Adding a little poetry to your prose isn’t the worst way to spend an afternoon. Unfortunately this is a time when rhythmic, melodious sentences are out of fashion. Evidence: the way in which good writing is distilled into efficient writing, a matter of deletion and omission and streamlining every phrase; the way in which writing style guides prize shorter, crisper, and simpler sentences, regardless of the situation; the way in which the typical person separates style and substance, as if it is possible to disentangle those concepts; the way in which jaws drop and shoulders lift at the notion that a sentence should have spice and vibrancy and that those elements are intrinsic to meaning. But this fetish for minimalism and technical writing is a fad, however omnipresent it might seem, and the timeworn lessons of classical sentence structures are still available for anybody who wants to learn.
Obviously you can still write fantastic and propulsive sentences without knowing any formal structures, just as you can play an instrument with flair, passion, and artfulness without ever knowing how to read music. Learning the structures is the linguistic equivalent of learning to read music—helpful, certainly, but not necessary. If your craft happens to be language, however, then I assume that you’d be eager to acquire every potential tool. At one time, learning composition did involve mastering these classical structures, and then embedding these timeless, sonorous shapes into your prose.

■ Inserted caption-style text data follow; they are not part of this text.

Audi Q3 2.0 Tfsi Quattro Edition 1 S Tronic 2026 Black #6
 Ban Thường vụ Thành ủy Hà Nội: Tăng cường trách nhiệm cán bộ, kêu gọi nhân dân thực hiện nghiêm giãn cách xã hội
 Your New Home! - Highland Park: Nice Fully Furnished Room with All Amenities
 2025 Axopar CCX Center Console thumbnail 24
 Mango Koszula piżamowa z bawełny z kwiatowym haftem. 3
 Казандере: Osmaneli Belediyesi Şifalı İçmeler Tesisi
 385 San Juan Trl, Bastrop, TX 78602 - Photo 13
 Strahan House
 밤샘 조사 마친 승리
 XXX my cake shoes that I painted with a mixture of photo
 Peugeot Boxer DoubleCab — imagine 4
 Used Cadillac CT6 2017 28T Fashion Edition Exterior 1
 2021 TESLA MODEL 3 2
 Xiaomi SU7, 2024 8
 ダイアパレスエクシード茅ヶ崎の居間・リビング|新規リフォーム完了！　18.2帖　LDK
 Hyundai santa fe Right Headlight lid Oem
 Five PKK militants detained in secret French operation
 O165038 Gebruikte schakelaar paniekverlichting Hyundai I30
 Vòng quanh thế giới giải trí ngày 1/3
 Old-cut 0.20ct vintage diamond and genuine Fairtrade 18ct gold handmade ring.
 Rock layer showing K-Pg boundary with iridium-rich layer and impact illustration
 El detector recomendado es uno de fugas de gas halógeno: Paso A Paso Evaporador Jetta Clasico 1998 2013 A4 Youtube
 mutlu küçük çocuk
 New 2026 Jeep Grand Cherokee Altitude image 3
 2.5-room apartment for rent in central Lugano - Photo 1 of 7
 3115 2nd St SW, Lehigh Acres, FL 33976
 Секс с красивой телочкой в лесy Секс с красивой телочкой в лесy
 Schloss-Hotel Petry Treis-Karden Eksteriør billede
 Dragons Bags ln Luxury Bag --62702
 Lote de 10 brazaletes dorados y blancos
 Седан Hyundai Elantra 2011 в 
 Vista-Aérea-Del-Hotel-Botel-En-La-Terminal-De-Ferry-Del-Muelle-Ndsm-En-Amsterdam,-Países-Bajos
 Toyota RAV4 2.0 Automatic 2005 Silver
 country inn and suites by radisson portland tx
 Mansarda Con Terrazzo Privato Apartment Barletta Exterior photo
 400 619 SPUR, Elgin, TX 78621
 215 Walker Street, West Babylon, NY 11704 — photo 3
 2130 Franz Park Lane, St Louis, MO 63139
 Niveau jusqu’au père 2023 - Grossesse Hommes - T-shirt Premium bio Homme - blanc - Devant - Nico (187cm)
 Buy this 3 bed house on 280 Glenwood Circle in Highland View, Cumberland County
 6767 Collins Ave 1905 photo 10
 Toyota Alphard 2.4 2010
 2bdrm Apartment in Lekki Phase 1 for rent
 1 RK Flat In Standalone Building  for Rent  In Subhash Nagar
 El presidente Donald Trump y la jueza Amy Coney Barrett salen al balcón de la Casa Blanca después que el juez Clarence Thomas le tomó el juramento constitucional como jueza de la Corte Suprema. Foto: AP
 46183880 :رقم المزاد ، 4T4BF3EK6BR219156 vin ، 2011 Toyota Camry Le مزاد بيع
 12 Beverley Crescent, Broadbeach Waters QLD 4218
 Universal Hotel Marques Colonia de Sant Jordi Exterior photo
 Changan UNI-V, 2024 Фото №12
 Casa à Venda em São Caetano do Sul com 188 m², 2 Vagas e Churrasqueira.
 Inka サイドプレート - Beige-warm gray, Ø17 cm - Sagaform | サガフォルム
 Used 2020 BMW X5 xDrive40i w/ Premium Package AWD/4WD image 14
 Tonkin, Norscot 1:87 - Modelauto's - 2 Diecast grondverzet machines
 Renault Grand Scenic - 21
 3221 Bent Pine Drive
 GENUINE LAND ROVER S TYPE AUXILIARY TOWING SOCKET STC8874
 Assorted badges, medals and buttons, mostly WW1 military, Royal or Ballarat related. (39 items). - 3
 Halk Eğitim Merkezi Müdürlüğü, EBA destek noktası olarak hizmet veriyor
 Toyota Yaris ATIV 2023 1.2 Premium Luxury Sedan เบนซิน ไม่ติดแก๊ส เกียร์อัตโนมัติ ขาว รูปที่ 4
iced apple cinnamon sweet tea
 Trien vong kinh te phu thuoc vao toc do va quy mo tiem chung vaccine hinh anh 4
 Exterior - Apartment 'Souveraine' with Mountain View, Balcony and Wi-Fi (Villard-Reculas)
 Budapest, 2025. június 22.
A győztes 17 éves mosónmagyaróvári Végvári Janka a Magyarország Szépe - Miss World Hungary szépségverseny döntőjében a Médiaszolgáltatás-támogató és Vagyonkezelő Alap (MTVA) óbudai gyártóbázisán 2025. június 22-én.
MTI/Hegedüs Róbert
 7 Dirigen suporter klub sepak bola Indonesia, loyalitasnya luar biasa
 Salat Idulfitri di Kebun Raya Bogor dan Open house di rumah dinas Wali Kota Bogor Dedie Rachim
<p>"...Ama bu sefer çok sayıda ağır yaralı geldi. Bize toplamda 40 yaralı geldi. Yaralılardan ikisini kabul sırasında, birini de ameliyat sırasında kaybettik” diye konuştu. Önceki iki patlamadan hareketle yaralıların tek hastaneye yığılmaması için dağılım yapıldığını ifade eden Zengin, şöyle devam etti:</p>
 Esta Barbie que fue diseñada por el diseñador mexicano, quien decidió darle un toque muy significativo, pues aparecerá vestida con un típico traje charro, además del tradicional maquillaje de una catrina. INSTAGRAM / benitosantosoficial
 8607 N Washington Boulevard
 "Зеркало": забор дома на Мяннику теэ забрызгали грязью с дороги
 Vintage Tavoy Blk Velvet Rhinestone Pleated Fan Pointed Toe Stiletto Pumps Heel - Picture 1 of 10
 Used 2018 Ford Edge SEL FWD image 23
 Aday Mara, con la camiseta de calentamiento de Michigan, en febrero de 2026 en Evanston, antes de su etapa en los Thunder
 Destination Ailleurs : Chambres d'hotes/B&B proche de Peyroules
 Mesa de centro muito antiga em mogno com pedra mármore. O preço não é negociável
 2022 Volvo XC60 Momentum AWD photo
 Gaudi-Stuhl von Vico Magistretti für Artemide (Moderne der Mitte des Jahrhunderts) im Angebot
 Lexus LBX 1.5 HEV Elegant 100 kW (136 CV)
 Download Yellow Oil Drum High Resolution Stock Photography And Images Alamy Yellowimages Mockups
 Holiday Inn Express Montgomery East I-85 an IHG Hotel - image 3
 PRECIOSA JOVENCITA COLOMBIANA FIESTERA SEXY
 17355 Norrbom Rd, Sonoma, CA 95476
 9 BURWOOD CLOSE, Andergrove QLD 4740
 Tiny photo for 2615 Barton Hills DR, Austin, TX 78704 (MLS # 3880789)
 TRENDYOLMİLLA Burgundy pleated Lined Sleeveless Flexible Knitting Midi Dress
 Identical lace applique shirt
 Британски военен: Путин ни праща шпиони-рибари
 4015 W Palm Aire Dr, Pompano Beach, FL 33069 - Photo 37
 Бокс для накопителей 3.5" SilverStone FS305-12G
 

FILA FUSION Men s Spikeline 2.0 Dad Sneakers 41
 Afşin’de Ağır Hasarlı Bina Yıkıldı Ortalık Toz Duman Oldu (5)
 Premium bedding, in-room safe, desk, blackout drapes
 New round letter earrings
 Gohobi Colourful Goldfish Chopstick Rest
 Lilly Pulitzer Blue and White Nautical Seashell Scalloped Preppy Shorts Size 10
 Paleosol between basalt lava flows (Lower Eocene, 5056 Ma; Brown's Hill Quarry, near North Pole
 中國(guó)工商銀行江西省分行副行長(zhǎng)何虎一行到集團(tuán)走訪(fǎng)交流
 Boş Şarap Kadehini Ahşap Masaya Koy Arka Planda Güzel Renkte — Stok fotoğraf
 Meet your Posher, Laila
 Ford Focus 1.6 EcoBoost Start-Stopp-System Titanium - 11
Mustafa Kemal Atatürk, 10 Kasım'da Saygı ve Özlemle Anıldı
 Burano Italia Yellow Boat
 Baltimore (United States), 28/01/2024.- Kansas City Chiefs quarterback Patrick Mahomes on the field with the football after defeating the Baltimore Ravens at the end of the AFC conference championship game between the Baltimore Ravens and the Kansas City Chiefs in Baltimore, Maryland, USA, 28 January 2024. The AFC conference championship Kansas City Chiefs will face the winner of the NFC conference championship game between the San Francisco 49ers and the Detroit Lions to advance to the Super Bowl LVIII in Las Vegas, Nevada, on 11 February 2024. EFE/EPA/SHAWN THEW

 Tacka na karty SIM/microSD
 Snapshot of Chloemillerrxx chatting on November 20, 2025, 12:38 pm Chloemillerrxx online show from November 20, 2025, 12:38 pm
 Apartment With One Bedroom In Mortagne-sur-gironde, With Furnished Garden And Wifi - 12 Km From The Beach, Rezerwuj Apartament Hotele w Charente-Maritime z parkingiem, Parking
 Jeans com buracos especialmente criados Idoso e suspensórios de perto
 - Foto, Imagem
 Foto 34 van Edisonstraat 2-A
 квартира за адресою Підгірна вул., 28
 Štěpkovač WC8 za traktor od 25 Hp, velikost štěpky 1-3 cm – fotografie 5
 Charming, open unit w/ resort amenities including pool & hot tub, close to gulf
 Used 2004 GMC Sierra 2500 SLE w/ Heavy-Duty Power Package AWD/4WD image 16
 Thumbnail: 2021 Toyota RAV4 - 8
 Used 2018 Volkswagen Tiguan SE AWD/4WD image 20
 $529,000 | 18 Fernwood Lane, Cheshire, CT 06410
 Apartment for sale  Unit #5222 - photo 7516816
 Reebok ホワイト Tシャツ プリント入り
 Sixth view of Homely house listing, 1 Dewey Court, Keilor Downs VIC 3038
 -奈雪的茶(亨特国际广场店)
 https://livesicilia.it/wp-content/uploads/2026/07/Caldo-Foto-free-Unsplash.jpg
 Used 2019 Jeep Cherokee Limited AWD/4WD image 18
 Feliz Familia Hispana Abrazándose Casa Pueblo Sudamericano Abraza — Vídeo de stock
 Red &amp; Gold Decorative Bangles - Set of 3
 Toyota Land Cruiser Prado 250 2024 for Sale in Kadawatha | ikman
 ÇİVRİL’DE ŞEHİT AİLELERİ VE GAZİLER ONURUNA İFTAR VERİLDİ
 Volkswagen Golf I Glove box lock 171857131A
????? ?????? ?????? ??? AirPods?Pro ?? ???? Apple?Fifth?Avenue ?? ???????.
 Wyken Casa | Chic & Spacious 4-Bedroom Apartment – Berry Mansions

Which doesn’t mean that your writing can’t also have verve, a freshness, feel hip, kinetic, use vernacular: there aren’t any rules when it comes to the creation of a sentence but it is worth noticing that the classical rhetorical structures still encircle the language. Unless you study at least a little classical rhetoric, you’ll end up stirred and influenced and captivated by these structures without ever knowing why—just like someone who attends a concert and is stirred by the music without knowing anything about chords, harmonies, and instrumentation. That’s fine, but you can learn how to play. You can learn how to increase your dexterity with the language. And you can learn how to add these rhetorical structures to your arsenal of linguistic tools without losing your individual voice.